Der schwarze Peter wird aber durch diese Art Politik einfach stillschweigend an die Regionen weitergereicht. Wenn die Abgeordneten der CDU in der Anhörung gut aufgepasst haben, wissen sie jetzt, dass dieses Sparpaket spätestens am 1. Januar 2013 für richtig Ärger auch in den von der CDU regierten Landkreisen führen wird. Dann stehen gleich reihenweise Fahrplanverbindungen zur Disposition, deren Kappung richtig weh tun wird. Da war das, was 2011 und 2012 passiert ist, nur ein seichtes Vorspiel.

"Streckenstilllegungen werden dann unausweichlich", sagt Pecher. "Die Verantwortung dafür wird dabei auf die Landkreise abgewälzt. Auch die zukünftigen Finanzierungsrisiken werden einseitig auf die Zweckverbände abgewälzt. Durch die sich abzeichnenden immensen Finanzierungslücken sind vor allem Strecken im ländlichen Raum gefährdet, insbesondere im Erzgebirge. Mit dieser Finanzierungsverordnung verabschiedet sich der Freistaat vom ÖPNV als einer Aufgabe der Daseinsvorsorge.“

Der Sprecher für Landesentwicklung und Infrastruktur der Fraktion Die Linke, Enrico Stange, meint nun, Sven Morlok müsse nacharbeiten.

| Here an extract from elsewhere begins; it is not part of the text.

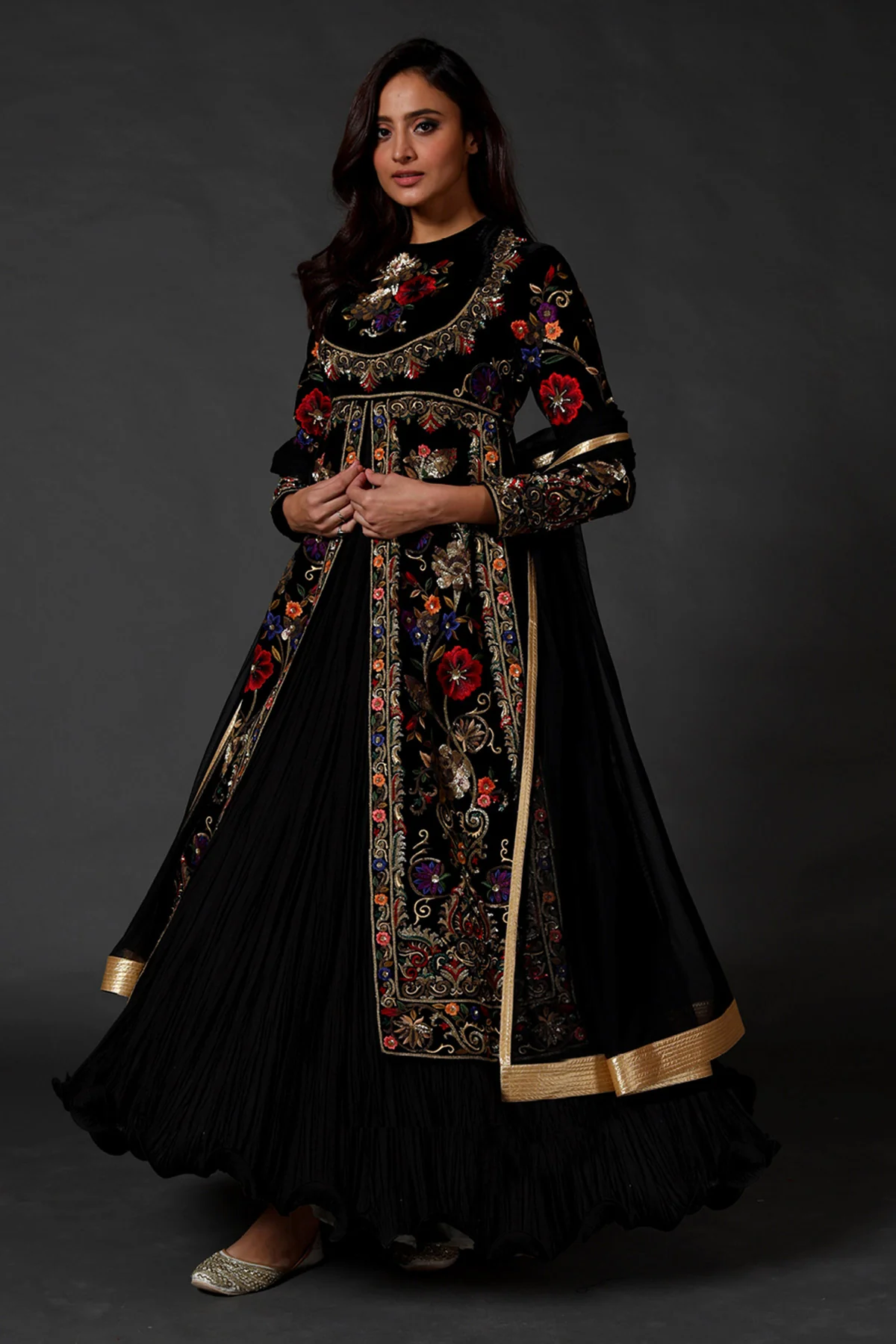 Black Chanderi Embroidered Slit Anarkali Set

„Mit der Sachverständigenanhörung sowie den Stellungnahmen aller Nahverkehrszweckverbände und Regionalen Planungsverbände ist der Entwurf der Finanzierungsverordnung für den ÖPNV in Sachsen (ÖPNVFinVO) im Grunde durchgefallen. Aus Sicht unserer Fraktion und unter Berücksichtigung aller Stellungnahmen - also auch der des vom Wirtschaftsministerium bestellten Gutachters - ist eine andere Vorgehensweise zur Umsteuerung bei der ÖPNV-Finanzierung erforderlich", sagt er. "Die heutige Sachverständigenanhörung muss nun ohne Zeitdruck im zuständigen Ministerium und im Wirtschafts- und Verkehrsausschuss des Landtages ausgewertet und die Empfehlungen des Gutachtens, das dem ÖPNVFinVO-Entwurf zugrunde liegt, müssen aufgenommen werden. Die Sachverständigen waren sich darin einig, dass die ÖPNVFinVO erst in Kraft gesetzt werden sollte, wenn mit der für 2014 angesetzten Revision der Regionalisierungsmittel und damit der Hauptquelle der SPNV/ÖPNV-Finanzierung belastbare Verhandlungsergebnisse mit dem Bund vorliegen. - Der aktuell vorliegende Entwurf zur ÖPNVFinVO für 2015-2020 erweist sich leider als weiterer Baustein in der `Schadensbilanz` des Hauses Morlok.“

Und auch wenn der Laie die Zweckverbände und die Landkreise noch nicht zusammen denkt: Es sind die Kreise und kreisfreien Städte, die in den Zweckverbänden Verantwortung tragen für den Schienenverkehr in ihrer Region. Vorsitzender des Zweckverbands Nahverkehr Leipzig (ZVNL) ist der Landrat des Landkreises Leipzig, Dr. Gerhard Gey (CDU). Wenn die Abgeordneten von CDU und FDP auch die neuen Kürzungspläne des Verkehrsministers bestätigen, ist der Ärger - auch mit der eigenen Klientel - auch in Borna programmiert.

In Leipzig sowieso. Das ist dann ein politisches Desaster, wenn der fast 1 Milliarde Euro teure Tunnel nur genauso lückenhaft befahren werden kann, als wäre Leipzig irgendwo in der Provinz gelegen.